Bad Dad, using up all the emergency tape! But really, thanks for another GREAT video that simplifies something super useful for so many. We appreciate you and your family's tape!!
Thank you so much! This has helped me a lot! Please keep going. I also enjoy videos that aren’t just about Ollama (but of course, I like the ones that are about Ollama too!). Thank you!
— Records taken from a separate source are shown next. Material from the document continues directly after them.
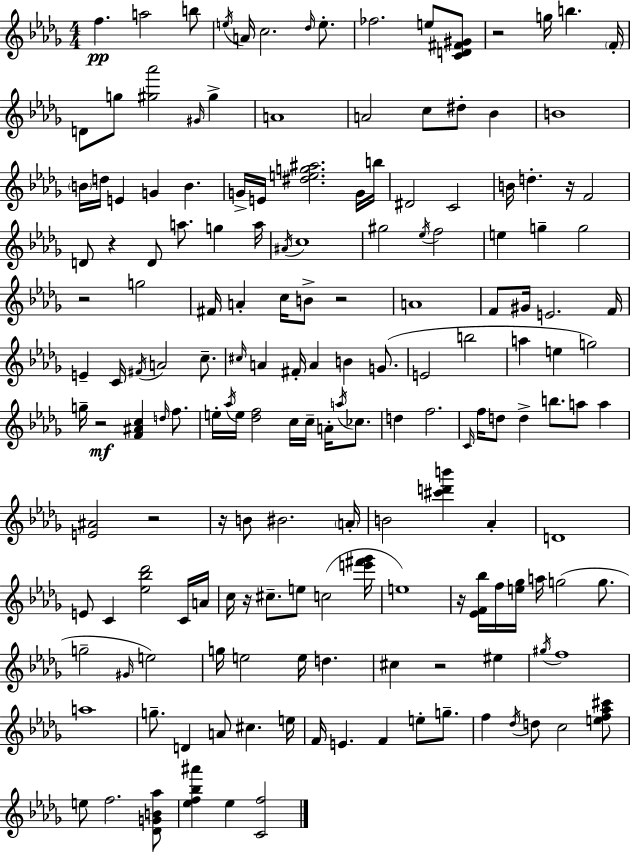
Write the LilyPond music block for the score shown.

{
  \clef treble
  \numericTimeSignature
  \time 4/4
  \key bes \minor
  f''4.\pp a''2 b''8 | \acciaccatura { e''16 } a'16 c''2. \grace { des''16 } e''8.-. | fes''2. e''8 | <c' d' fis' gis'>8 r2 g''16 b''4. | \break \parenthesize f'16-. d'8 g''8 <gis'' aes'''>2 \grace { gis'16 } gis''4-> | a'1 | a'2 c''8 dis''8-. bes'4 | b'1 | \break \parenthesize b'16 d''16 e'4 g'4 b'4. | g'16-> e'16 <dis'' e'' g'' ais''>2. | g'16 b''16 dis'2 c'2 | b'16 d''4.-. r16 f'2 | \break d'8 r4 d'8 a''8. g''4 | a''16 \acciaccatura { ais'16 } c''1 | gis''2 \acciaccatura { ees''16 } f''2 | e''4 g''4-- g''2 | \break r2 g''2 | fis'16 a'4-. c''16 b'8-> r2 | a'1 | f'8 gis'16 e'2. | \break f'16 e'4-- c'16 \acciaccatura { fis'16 } a'2 | c''8.-- \grace { cis''16 } a'4 fis'16-. a'4 | b'4 g'8.( e'2 b''2 | a''4 e''4 g''2) | \break g''16-- r2\mf | <f' ais' c''>4 \grace { d''16 } f''8. e''16-. \acciaccatura { aes''16 } e''16 <des'' f''>2 | c''16 c''16-- a'16-. \acciaccatura { a''16 } ces''8. d''4 f''2. | \grace { c'16 } f''16 d''8 d''4-> | \break b''8. a''8 a''4 <e' ais'>2 | r2 r16 b'8 bis'2. | \parenthesize a'16-. b'2 | <cis''' d''' b'''>4 aes'4-. d'1 | \break e'8 c'4 | <ees'' bes'' des'''>2 c'16 a'16 c''16 r16 cis''8.-- | e''8 c''2( <e''' fis''' ges'''>16 e''1) | r16 <ees' f' bes''>16 f''16 <e'' ges''>16 a''16 | \break g''2( g''8. g''2-- | \grace { gis'16 } e''2) g''16 e''2 | e''16 d''4. cis''4 | r2 eis''4 \acciaccatura { gis''16 } f''1 | \break a''1 | g''8.-- | d'4 a'8 cis''4. e''16 f'16 e'4. | f'4 e''8-. g''8.-- f''4 | \break \acciaccatura { des''16 } d''8 c''2 <e'' f'' aes'' cis'''>8 e''8 | f''2. <des' g' b' aes''>8 <ees'' f'' bes'' ais'''>4 | ees''4 <c' f''>2 \bar "|."
}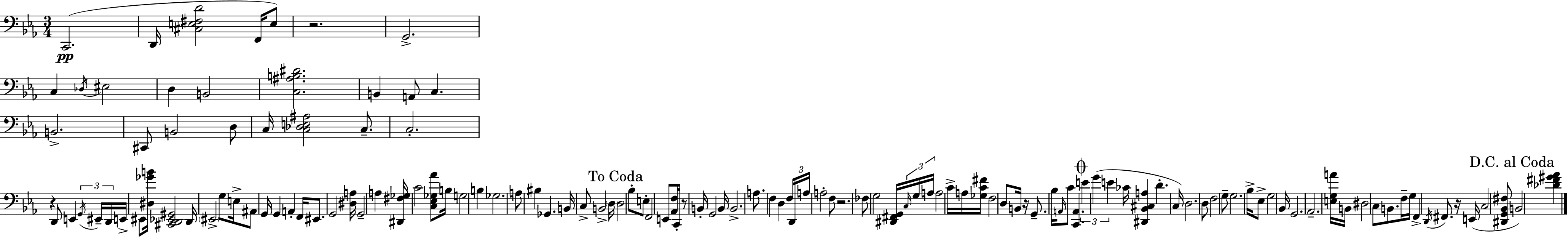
{
  \clef bass
  \numericTimeSignature
  \time 3/4
  \key c \minor
  c,2.(\pp | d,16 <cis e fis d'>2 f,16 e8) | r2. | g,2.-> | \break c4 \acciaccatura { des16 } eis2 | d4 b,2 | <c ais b dis'>2. | b,4 a,8 c4. | \break b,2.-> | cis,8 b,2 d8 | c16 <c des e ais>2 c8.-- | c2.-. | \break r4 d,8 e,4 \tuplet 3/2 { \acciaccatura { g,16 } | eis,16-- d,16 } e,16-> eis,8 <dis ges' b'>16 <cis, d, ees, gis,>2 | d,16 \parenthesize eis,2-> g8 | e16-> ais,8 g,16 g,4 a,4-. | \break f,16 eis,8. g,2 | <dis a>16 g,2-- a4 | <dis, fis ges>16 c'2 <c ees ges aes'>8 | b16 g2 b4 | \break ges2. | a8 bis4 ges,4. | b,16 c8-> b,2-> | \parenthesize d16 \mark "To Coda" d2 bes8-. | \break e8-. f,2 e,8 | <aes, f>16 c,16-. r8 b,16-. g,2 | b,16 b,2.-> | a8. f4 d4 | \break \tuplet 3/2 { f16 d,16 a16 } a2-. | f8 r2. | fes8 g2 | <dis, fis, g,>16 \tuplet 3/2 { \grace { c16 } g16 a16 } a2 | \break c'16-> a16 <ges c' fis'>16 f2 d8 | b,16 r16 g,8.-- bes16 \grace { a,16 } c'8 <c, a,>4. | \mark \markup { \musicglyph "scripts.coda" } \tuplet 3/2 { e'4 g'4( | e'4 } ces'16 <dis, bes, cis a>4 d'4.-. | \break c16) d2. | d8 f2 | g8-- g2. | bes16-> ees8-> g2 | \break bes,16 g,2. | aes,2.-- | <e g a'>16 b,16 dis2 | c8 b,8. f16-- g16 f,4-> | \break \acciaccatura { d,16 } fis,8. r16 e,16( c2 | <dis, g, bes, fis>8 \mark "D.C. al Coda" b,2) | <des' fis' gis' aes'>4 \bar "|."
}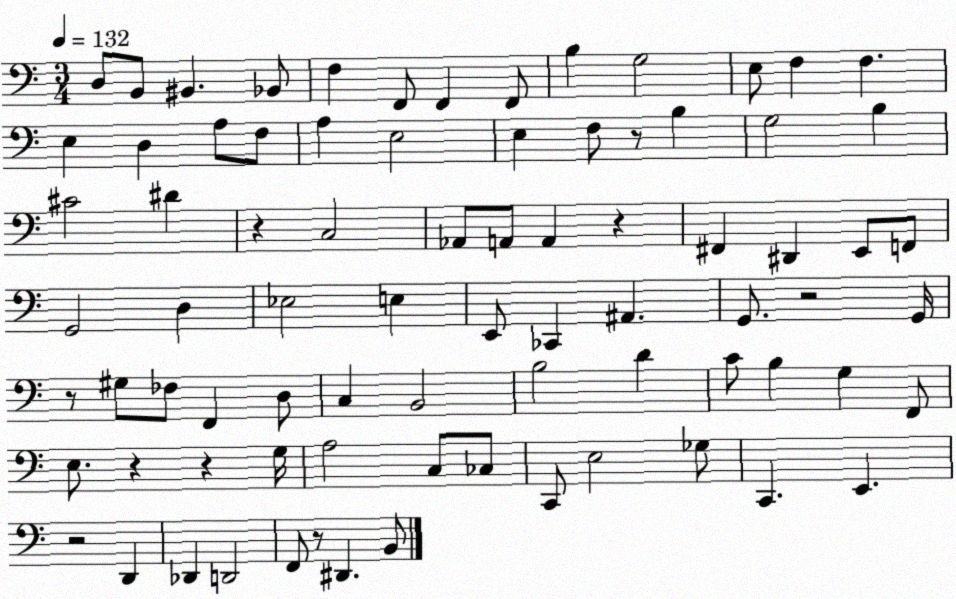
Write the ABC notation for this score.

X:1
T:Untitled
M:3/4
L:1/4
K:C
D,/2 B,,/2 ^B,, _B,,/2 F, F,,/2 F,, F,,/2 B, G,2 E,/2 F, F, E, D, A,/2 F,/2 A, E,2 E, F,/2 z/2 B, G,2 B, ^C2 ^D z C,2 _A,,/2 A,,/2 A,, z ^F,, ^D,, E,,/2 F,,/2 G,,2 D, _E,2 E, E,,/2 _C,, ^A,, G,,/2 z2 G,,/4 z/2 ^G,/2 _F,/2 F,, D,/2 C, B,,2 B,2 D C/2 B, G, F,,/2 E,/2 z z G,/4 A,2 C,/2 _C,/2 C,,/2 E,2 _G,/2 C,, E,, z2 D,, _D,, D,,2 F,,/2 z/2 ^D,, B,,/2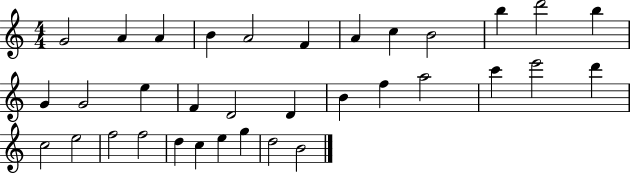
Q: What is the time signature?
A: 4/4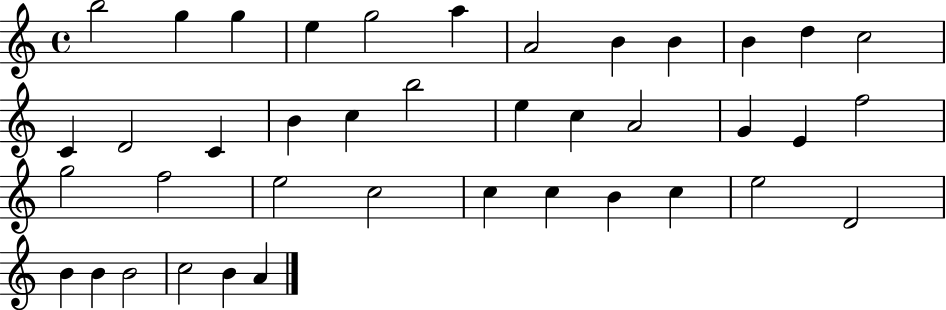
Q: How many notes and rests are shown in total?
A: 40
Thank you Matt for this amazing explanation. I had a brief understanding so I thought of this but you really helped me fully grasp how this works. Also, your videos are an emergency
This is just the info I was looking for. My goal is get useful coarse AI running on the GPU of my gaming laptop, leaving the APU to give me full attention.
I just tossed money at a new laptop with a 4070 JUST for Ollama, and with this video I was also able to throw smarts at it too to get it to do more with the 8GB of VRAM on laptop 4070s. Thanks so much! I'd been spending a lot of time building models with various context widths and benchmarking the VRAM consumption. Deleted a bunch of them because they ended up getting me a CPU/GPU split. Time to create them again because they will now fit in VRAM! Thanks again!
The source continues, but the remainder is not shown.